Individuals with GPC require corticosteroids as part of their treatment regimen, administered more frequently throughout the day to sequester the inflammation. While corticosteroids can control inflammation and provide relief, they also have the potential to create adverse side effects, creating the need for other treatments. Research shows that corticosteroid use can increase intraocular pressure, creating a potential risk for glaucoma and the development of posterior subcapsular cataracts.14, 15
The frequency of cyclosporine 0.1% has shown promise as an alternative to corticosteroids and has demonstrated the ability to improve quality of life in patients with VKC.15
Keep Apprised of Options in the Pipeline
New medications and devices are constantly manufactured and evaluated through clinical trials to determine their efficacy in treating various diseases. Two recently approved treatment options show promise in alleviating allergic conjunctivitis symptoms.
A new class of pharmaceuticals known as reactive aldehyde species (RASP) inhibitors demonstrate the ability to reduce the inflammatory response in eyes with allergic conjunctivitis. These drugs treat inflammation associated with allergic conjunctivitis through a non-corticosteroid pathway and reduce ocular itching, tearing and redness associated with allergic conjunctivitis.24,25
Recently, the first drug-eluting contact lens, an etafilcon A lens with ketotifen, received approval from the US Food and Drug Administration (FDA). Clinical trials have demonstrated the lens’s ability to reduce itching compared with lenses that do not dispense medication.18 Despite FDA approval, it is currently unavailable in the US. This novel contact lens design may play a critical role in reducing allergic conjunctivitis symptomatology in both contact lens wearers and individuals with emmetropia seeking alternative solutions.
Educate The Patient
Optometrists can improve patients’ odds of maintaining a successful relationship with contact lenses by providing an education on how some systemic drugs affect the ocular surface. Without appropriate clinical guidance, patients may attempt inappropriate self treatments with over-the-counter products.
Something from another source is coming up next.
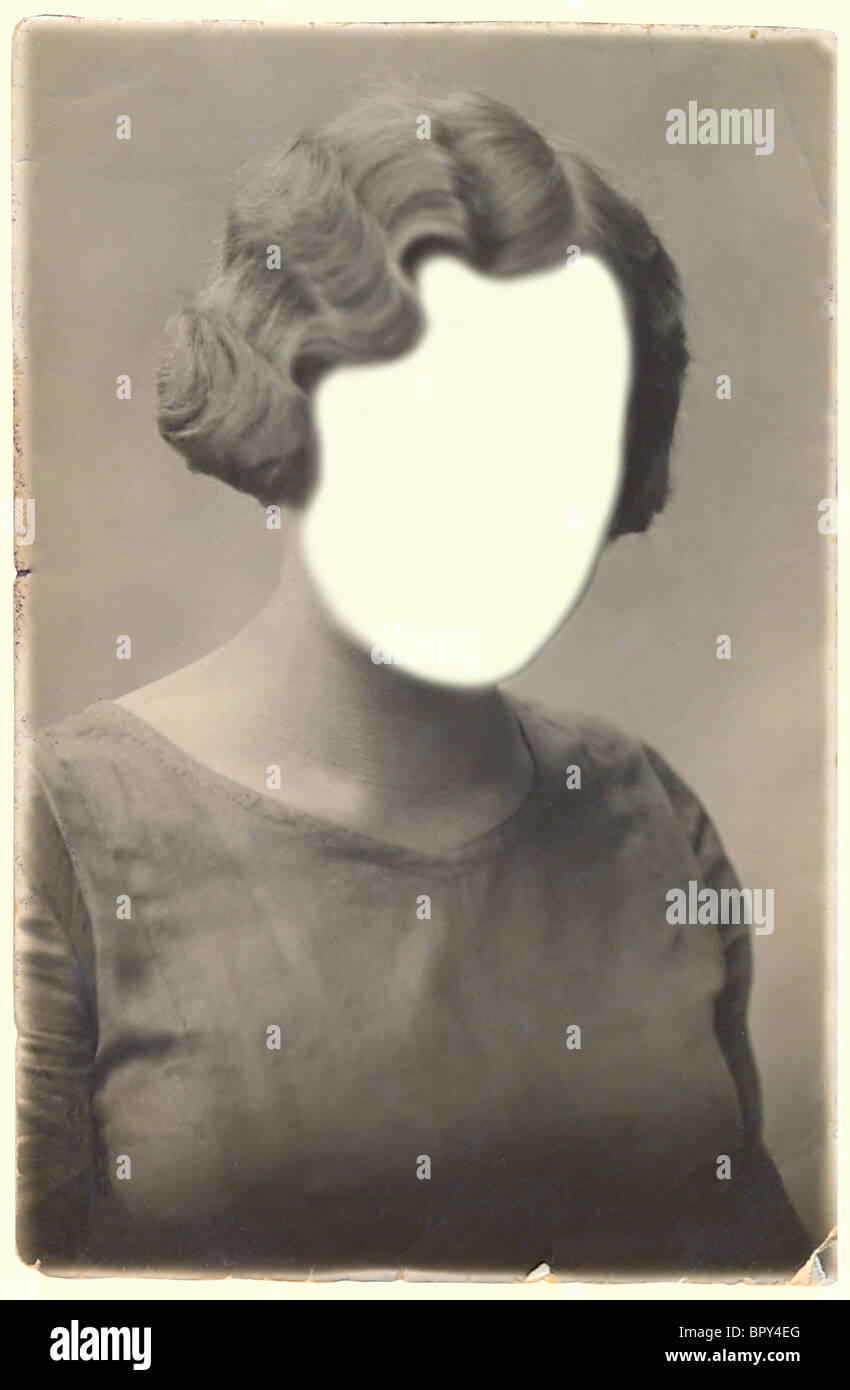 Retro-Foto der Frau. Gesicht geklont. Sie können den Rahmen oder fügen Ihr eigenes Gesicht. Stockfoto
Patients will often seek treatments independently, usually with oral antihistamines, decongestants, or a combination. It’s incumbent upon primary eye care physicians to explain that these options often reduce the tear film volume, and create a more challenging microenvironment for contact lens wear.19,20
With this knowledge, patients may be able to adjust their expectations and make better informed choices.
Optometrists must recommend appropriate contact lenses, solutions, and other therapeutics to enable patients with allergic conjunctivitis to wear their contact lenses comfortably. By understanding the clinical tools at their disposal and leveraging them to optimize patient wearing experience, clinicians can maintain comfort for their patients who wear contact lenses and treat inflammatory responses associated with allergic eye disease.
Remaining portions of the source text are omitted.